Eureka! Since there was what appeared to be that small leak in the flapper and needing to eliminate every possibility before calling a plumber, I decided to pull it and clean the bottom in case the seal was bad. When I took it out I found a wear-thru about half an inch long that doubled in size when I touched it. Long story short, I took it into town and found a universal flapper that looked close. Brought it home, put it on, turned on the water, put in the dye and an hour later there was no hint of dye in the bowl. Been sitting here for two hours without running any water and pump has not kicked in. 

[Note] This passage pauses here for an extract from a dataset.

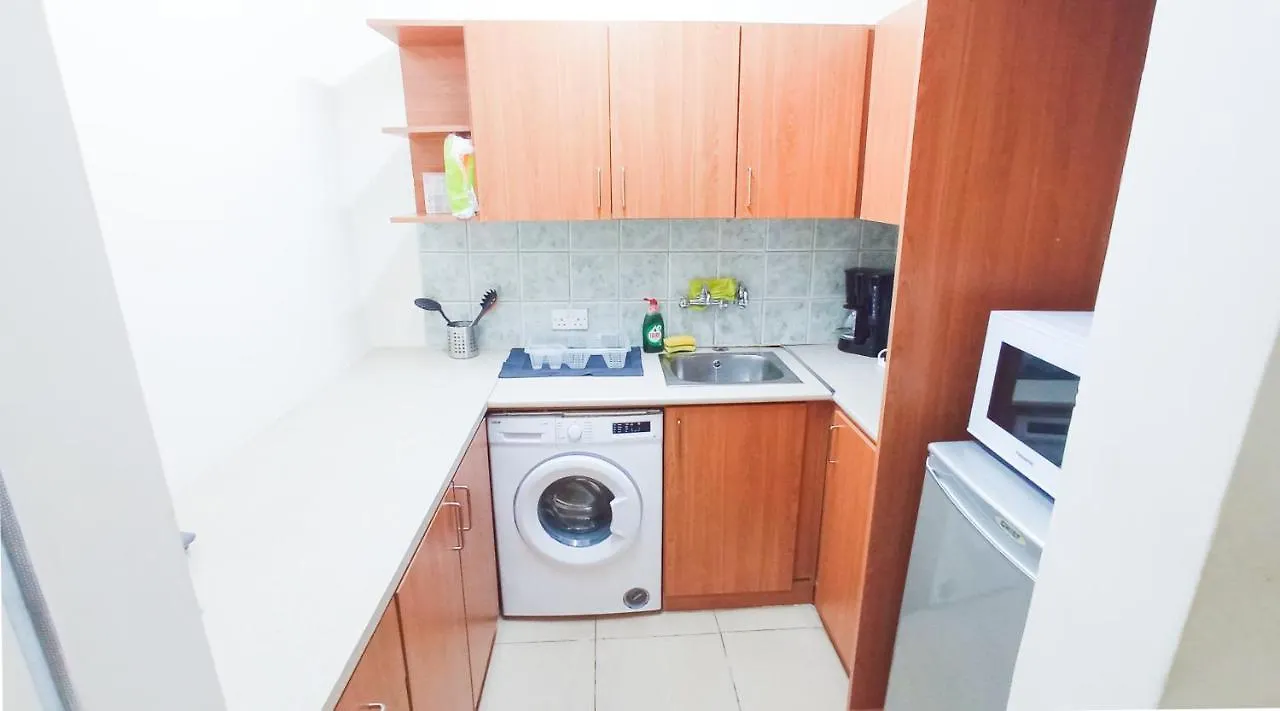 1A Beach & Business Apartment In The City Center! Larnaca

Amazing how much water a very small hole can release given enough time. If I had not experienced it I would not have believed it. Thanks again guys, for all the suggestions and help. FM


----------



## polaris500 (Jul 24, 2010)

rollin stone said:


> I've never seen a submersible shallow well pump. But who knows?



I have, I had one.


----------



## JimP (Feb 8, 2002)

Forest Meister said:


> Eureka! Since there was what appeared to be that small leak in the flapper and needing to eliminate every possibility before calling a plumber, I decided to pull it and clean the bottom in case the seal was bad. When I took it out I found a wear-thru about half an inch long that doubled in size when I touched it. Long story short, I took it into town and found a universal flapper that looked close. Brought it home, put it on, turned on the water, put in the dye and an hour later there was no hint of dye in the bowl. Been sitting here for two hours without running any water and pump has not kicked in.
> 
> Amazing how much water a very small hole can release given enough time. If I had not experienced it I would not have believed it. Thanks again guys, for all the suggestions and help. FM


Amazing how simple a fix can sometimes be for the most frustrating problems. This morning my wife mentioned she was concerned about lack of the usual water pressure for doing the morning dishes. 
Oh-Oh methinks. :rant:
Bum pump, bum tank...call a plummer...:yikes:
Wait a second: I *had* pressure in the shower.

Unscrewed the faucet nozzle, blew it and it's screen out, tooth brushed with CLR.
Back to normal again for 3 minutes work. No cost.


----------



## Burksee (Jan 15, 2003)

Good to hear you found the problem and it was an easy fix!


----------